Ein Wiedersehen mit Russland
12.06.2012, 16:00 Uhr
In dem kleinen russischen Laden „Russia“ in der Maxstraße 26 steht eine Frau mit einem Paket Gretschnewaja Kascha (Buchweizengrütze) und einer Dose Schweinefleisch an der Kasse. Wer selbst russische Wurzeln hat, weiß sofort, was sie damit vorhat: Traditionell wird in der russischen Küche aus der Buchweizengrütze ein Brei gekocht und meist zu Fleischgerichten serviert.
Die Kundin zieht es oft in dieses Geschäft, „weil es hier Produkte gibt, die ein deutscher Supermarkt nicht hat, und weil man sich hier nett unterhalten kann“. Auch Inhaberin Larisa Logunenko weiß, dass ihre Kunden neben der Auswahl der Produkte, „die man von Kindheit an gewohnt ist“, den Plausch mit Landsleuten schätzen und deshalb auch gerne ein paar Minuten länger bleiben.
In Fürth leben rund 2500 Menschen, die ihre Wurzeln in Russland haben (zum Vergleich: 7600 Menschen haben türkische Wurzeln). Die Gruppe dieser Zuwanderer ist bunt gemischt: Aussiedler, Spätaussiedler und Menschen mit russischer Staatsangehörigkeit sind darunter, ebenso wie jüdische Kontigentflüchtlinge, aus denen sich heute die Israelitische Kultusgemeinde Fürth zu einem großen Teil zusammensetzt. Obwohl die meisten Einwanderer wegen der besseren Chancen auf Arbeit, der besseren Ausbildung ihrer Kinder und der besseren Lebensumstände hierherkommen, haben viele immer noch eine gewisse Sehnsucht nach der alten Heimat. Davon kann zum Beispiel Irina Fixel, Leiterin des Russisch-Deutschen Kulturzentrums in Nürnberg, viel erzählen.
Das Zentrum ist Anlaufstelle für Menschen mit russischen Wurzeln aus der ganzen Region. Fixel würde sich freuen, wenn es in Fürth eine Zweigstelle gäbe. Momentan scheitert es noch, so die Leiterin, an der Bürokratie. Man sei mit den zuständigen Fürther Behörden nicht vertraut und habe auch noch keinen Ansprechpartner für so ein Projekt.
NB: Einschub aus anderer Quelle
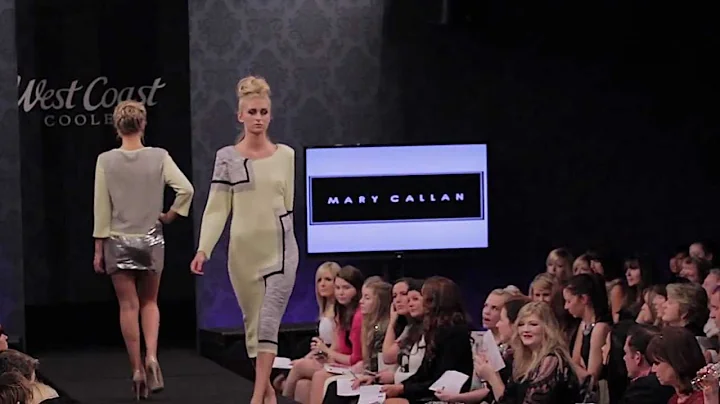 MARY CALLAN at West Coast Cooler FASHIONWEEK - Oct...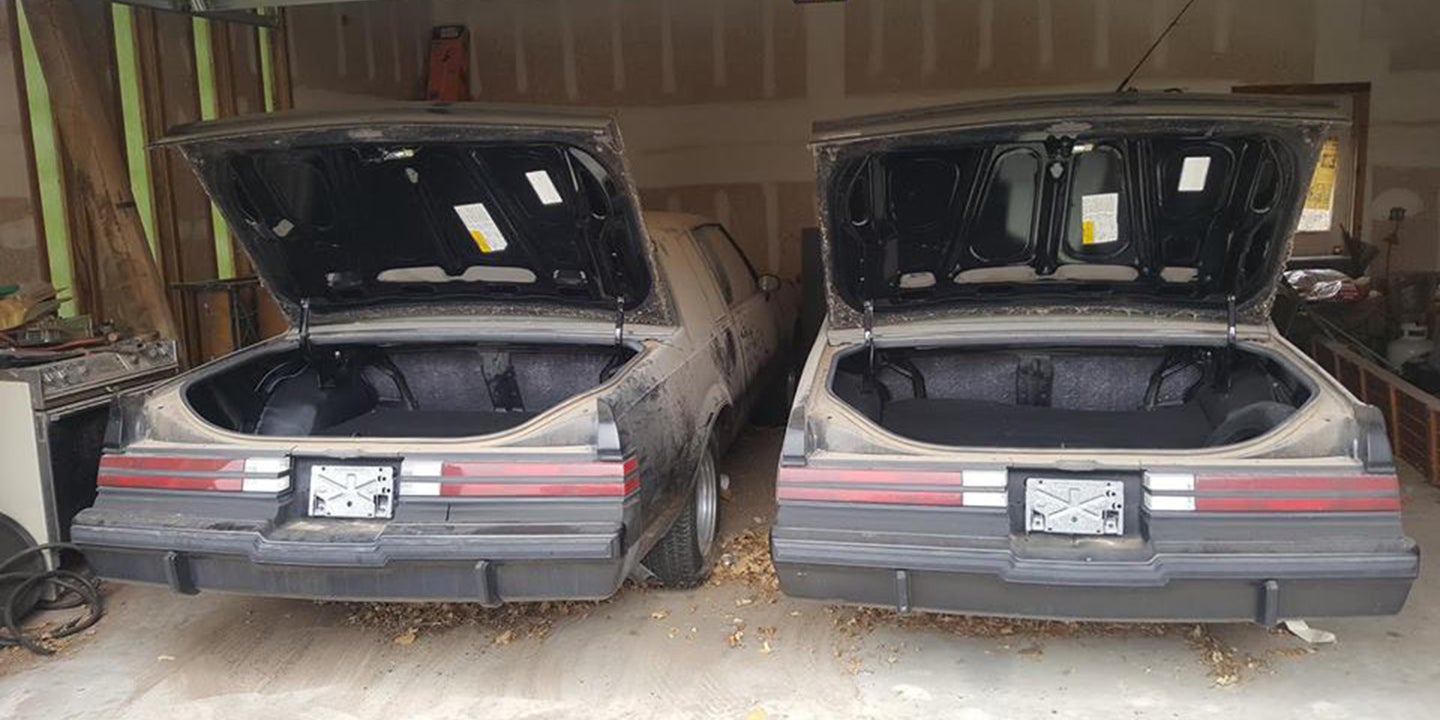 Two Like-New Buick Grand Nationals Are the Barn Finds of the Year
Besuch von Väterchen Frost
Dass ein solcher Ort gut besucht wäre, daran haben Fixel und ihr Team keinen Zweifel. Sie kennen die Bedürfnisse ihrer Landsleute gut und wissen, was sie interessiert und was ihnen wichtig ist. Dazu gehört, dass viele Eltern ihren Kindern die Sprache und Kultur vermitteln wollen. In Sprachkursen, wie sie das Kulturzentrum anbietet, lernen sie auch Lesen und Schreiben. Spiele, Märchen und Zeichentrickfilme helfen dabei. Die Kenntnis der russischen Sprache fördert auch die Kommunikation innerhalb der Familie — generationsübergreifend. Viele, besonders Ältere und Menschen, die erst seit kurzem hier leben, sind außerdem dankbar, dass sie Informationen zu Themen wie Grundsicherung, Altenpflege und Kindervorsorge in der Muttersprache erhalten.
Die vom Kulturzentrum organisierten Lesungen, Theateraufführungen, Kinoabende oder politischen Diskussionen sind immer gut besucht. Aber auch die traditionellen Feste, so wie Masleniza (ein einwöchiges Fest am Ende des Winters in der Woche vor Beginn der Fastenzeit), das russisch-orthodoxe Osterfest oder Neujahr werden gefeiert. So wird für Kinder ein Neujahrsfest mit dem Besuch von Väterchen Frost — nicht dem Weihnachtsmann — und seiner Begleiterin Snegurotschka veranstaltet. Geschenke gibt es auch. Die Veranstaltungen bieten Raum, sich mit anderen Menschen in der eigenen Sprache auszutauschen.
Schon seit ein paar Jahren ist zu beobachten, dass auch mehr Deutsche, jüngere wie auch ältere, die Möglichkeit nutzen, in einem russischen Geschäft einzukaufen, in Konzerte und russische Diskotheken wie den Club Aura in Fürth mit „Russian Clubbing“ zu gehen. Und die Nachfrage nach solchen Veranstaltungen wächst. „Vergangenes Jahr war es spürbar. Aber in den Jahren zuvor war der Trend schon absehbar“, sagt Robert Steinkugler, Geschäftsführer der Stadthalle Fürth, in der Konzerte russischer Künstler und Aufführungen russischer Balletttruppen stattfinden. Für die Deutschen bieten diese Abende einen Einblick in die russische Kultur — für die Russen selbst ist es ein Wiedersehen mit der Heimat.